Author: Anika Peucker | Translation: Anna Knollmann, Stephanie Anderseck

Organic wax is made from carbon dioxide

Generation Y. I belong to this generation. Some things are imputed to us. A much quoted statement is: We are becoming more environmentally conscious again. In all areas of my life I also try to use natural products and pay attention to the environment.This is particularly important to me in the field of cosmetics, because everyone, including you, uses cosmetics every day. And that is not little: just pause for a moment and think about how many cosmetic products you yourself own and use every day. This is exactly why I prefer natural cosmetics to conventional cosmetics.

But what exactly distinguishes classic from natural cosmetics? Natural cosmetic products contain no synthetic ingredients. This makes the products more compatible and less harmful to the environment. By the way, the market share for natural and near-natural cosmetics in the overall market is not so small. According to Statista, it was already over 16 percent in 2016 - and the trend is rising. More and more manufacturers are also being certified with a wide variety of natural cosmetics quality seals.

When I talked to my colleagues about this topic during my lunch break, they told me that we at the Fraunhofer IKTS are currently trying to produce waxes or alcohols using Fischer-Tropsch synthesis.

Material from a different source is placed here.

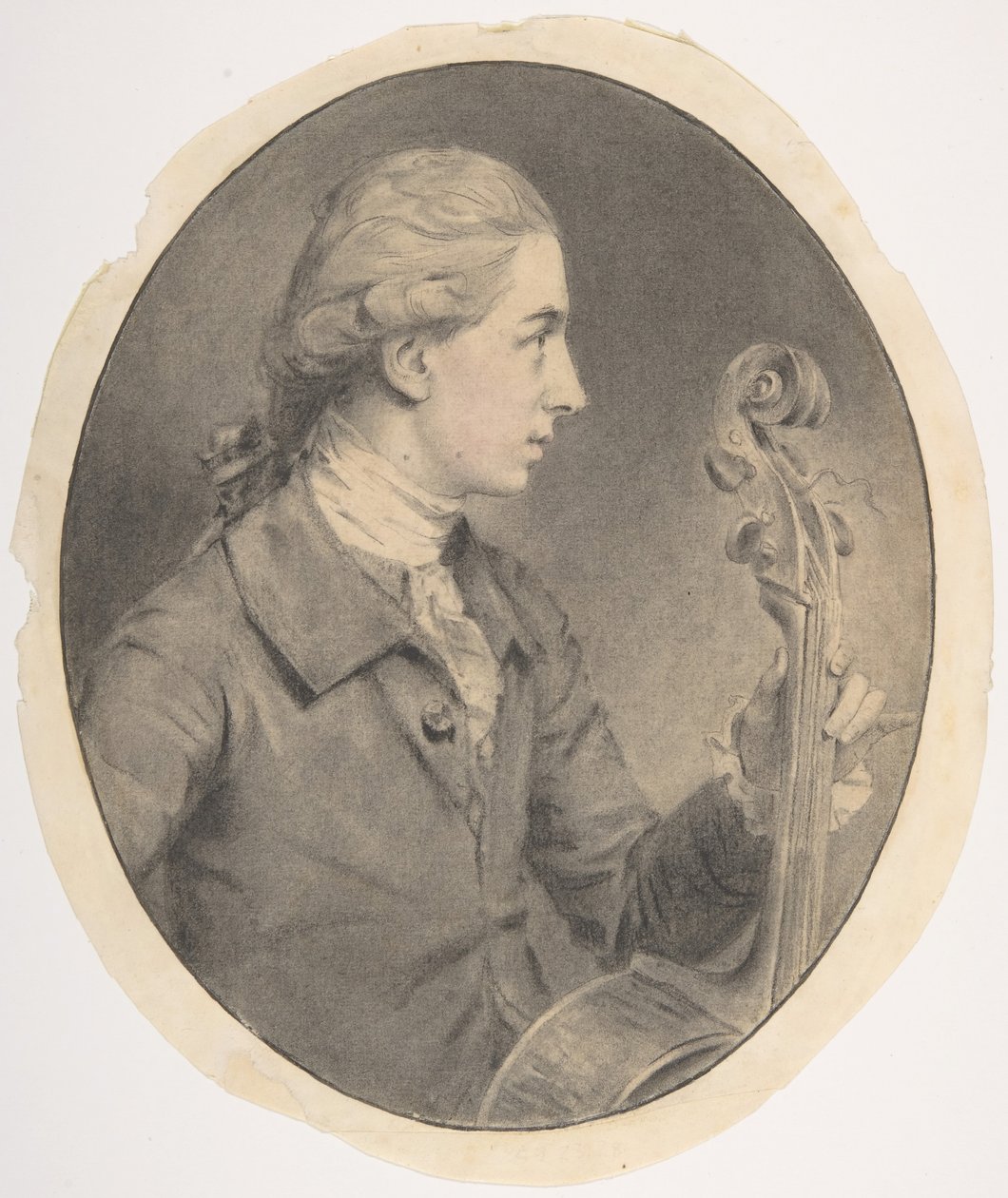 Thomas Jackson von John Downman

Such waxes could later be used in the cosmetics industry, for example. I had never heard of this before, but of course I wanted to know more about it.


The Fischer-Tropsch process

The Fischer-Tropsch synthesis is an almost 100 year old process. The synthesis converts different but renewable carbon sources such as coal, natural gas or biomass into a synthetic gas, which reduces the consumption of fossil materials. One potential source of carbon could be biogas plants, for example, because carbon dioxide is produced during the production of biogas. Currently, CO2 is only a by-product or waste product. With the Fischer-Tropsch process, this "waste product" can be processed into wax. The novelty of this process is that it is now possible to produce waxes that are not based on crude oil; animal or natural waxes are of course excluded.

Laboratory plant for methanation and Fischer-Tropsch synthesis.
© Fraunhofer IKTS
Laboratory plant for methanation and Fischer-Tropsch synthesis.

The Fraunhofer IKTS itself is working on Fischer-Tropsch synthesis to make the process more efficient. This involves not only the development of new, better catalysts and catalyst structures, but also their easy replacement. The new catalyst structures consist of a ceramic film technology. This ceramic film technology allows the residence time and temperature gradient to be controlled, thus ensuring the quality of the waxes.

Two new process chains are currently being conceptualized and tested in pilot studies financed by the EU and the state of Saxony. They demonstrate the production of the waxes by Fischer-Tropsch synthesis. The pilot studies are essential to determine the economic efficiency of the process.

What are the advantages of waxes obtained by Fischer-Tropsch synthesis? They differ from conventional waxes such as beeswax, jojoba oil or synthetic waxes such as paraffins in their production.

For example, the "Fischer-Tropsch waxes" are not synthesized as the main product, but casually from a "waste product" - carbon. This promises an optimal use of resources. We waste nothing! In addition, the waxes are particularly suitable for use in cosmetics, as they are free of aromatic compounds. This means that these waxes are better tolerated by allergy sufferers.


"Fischer-Tropsch waxes" - a real alternative?

The fact that waxes produced by the Fischer-Tropsch process will soon be used is still a dream of the future, as the economic efficiency of production has yet to be proven. Nevertheless, the idea of an alternative, environmentally friendly source to petroleumbased waxes is exciting and attractive, especially when considering the further decline in man-made oil reserves.